The NOS team does not set up restrictions to run all tests before merging the pull requests. Mainly because the tests are too long to execute (almost 3 hours), it might contain random failures. And in any case, the commit will be tested on the master branch before being released. However, it is still a big problem, especially at the end of sprint: when something went wrong on master, it was hard to tell which commit caused the problem as several commits were merged at the same time window and none of them was tested. It caused unnecessary troubles and stress. However, it is very hard to propose a simple and efficient solution with a personal effort. After many considerations, I finally found out a solution: enable the GitHub plugin on our Jenkins jobs which notifies GitHub at the start of the build (status: pending) and at the end of the build (status: succeeded or failed). Therefore, we can have a build status during the review. It makes the work visible and makes the process more transparent: reviewers are now able to evaluate the risk of changes without visiting Jenkins CI. If it were a small PR, we can eventually consider it’s OK and merge the PR without checks.

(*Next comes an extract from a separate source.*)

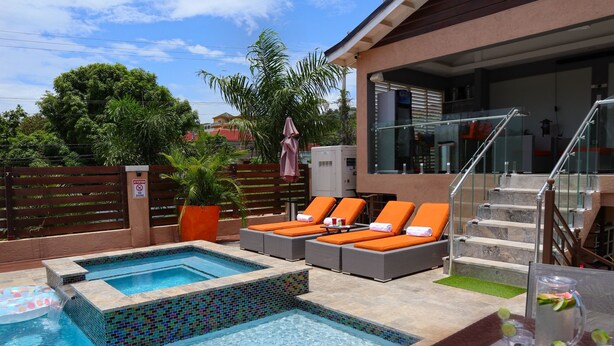 Uma área de piscina com duas banheiras de hidromassagem, espreguiçadeiras e uma escadaria que leva a um andar superior.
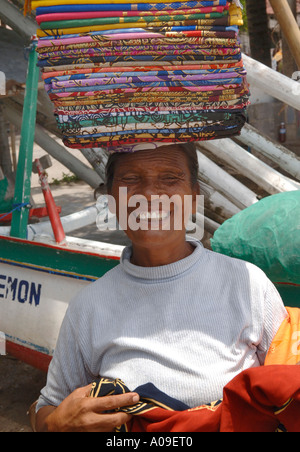 Lächelnden balinesische Frau Sarongs, Padang Bai, Fährhafen nach Lombok, Indonesien Bali zu verkaufen Stockfoto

Jenkins build results on GitHub

This year, I also started working on Checkstyle to build the rules according to Nuxeo’s coding conventions. For example, check CustomImportOrder had been added to ensure our import order is done correctly in Java files. You might not know, I’m a big fan of Maven, I wrote 17 articles about Maven in the last 3 years. You can check them here.

Release

At NOS, our release cycle is about two weeks: we create a new release after the end of each sprint. We use semantic versioning for our release versions: MAJOR.MINOR.PATCH. We adapted the version naming with our own needs, where we increment the:

MAJOR version when upgrading our Nuxeo Server
MINOR version when we perform bi-weekly release
PATCH version when handling bug-fixes

My mission during the release phase is to ensure that new releases can be created on time with appropriate changes. This is done by reminding people the release day, reviewing the pull-requests, accelerating or postponing upcoming changes depending on the context, estimating the delivery volume and risk, etc. Doing so helps us deliver at a stable pace and have a predictable day for deployment.

Deploy

Deployment is handled by Nuxeo Cloud Team (formerly Nuxeo Cloud Operations Team). The deployment pipeline is a 100% automated process, mainly based on Ansible. Also, they use a blue-green deployment method, an effective way to update services with limited downtime. Even if the pipeline is 100% automated, there will still be an engineer which monitors the progress and handle the post-deployment tasks: manual switch from BLUE stack to GREEN stack; keep BLUE stack alive until GREEN stack is validated; trash BLUE stack or switch back depending on the context; etc.

bg-deploy Image: 100 Percent Online Deployments: Blue-Green Deployment, Machael J Swart

My mission in deployment is to coordinate with the Cloud Team to ensure the new release will be deployed on time and will be deployed successfully. The main challenges are:

Check constraints before schedule – Avoid deployments during training weeks, hackathon, big demos, …
Check availability – The Cloud Team has 30+ customers, so we need to avoid conflicts here.
Perform post-deployment checks – Valide the new stack and provide feedback to them.

In the NOS Team, we used to perform post-deployment checks manually. We visited the most important pages of the website and ensure they can be loaded. As you can see, this process is manual and has very limited coverage. Since we need to do this repetitively, I created our new tool – NOS Checker (formerly NOS Test). It consists of three parts: browser checks (Selenium), API checks (JAX-RS/Jersey), and command-line checks (nuxeoctl). For the browser checks, it visits the target pages and ensures the behaviors are expected. For API checks, it sends HTTP requests to target APIs and asserts the response. For the command line, it downloads Nuxeo Server, registers the Nuxeo Server, and performs frequently used nuxeoctl commands. NOS Checker can also be run in performance mode, where hundreds of requests will be sent simultaneously. Then it calculates the meantime of these requests. It can also substitute a target user so that you can run it as presales, PS, support, or other profile. A human-readable report is generated at the end. If you’re interested in this tool, I have another blog post here: Project: NOS Test. In short, NOS Checker brings the post-deployment checks into the next level.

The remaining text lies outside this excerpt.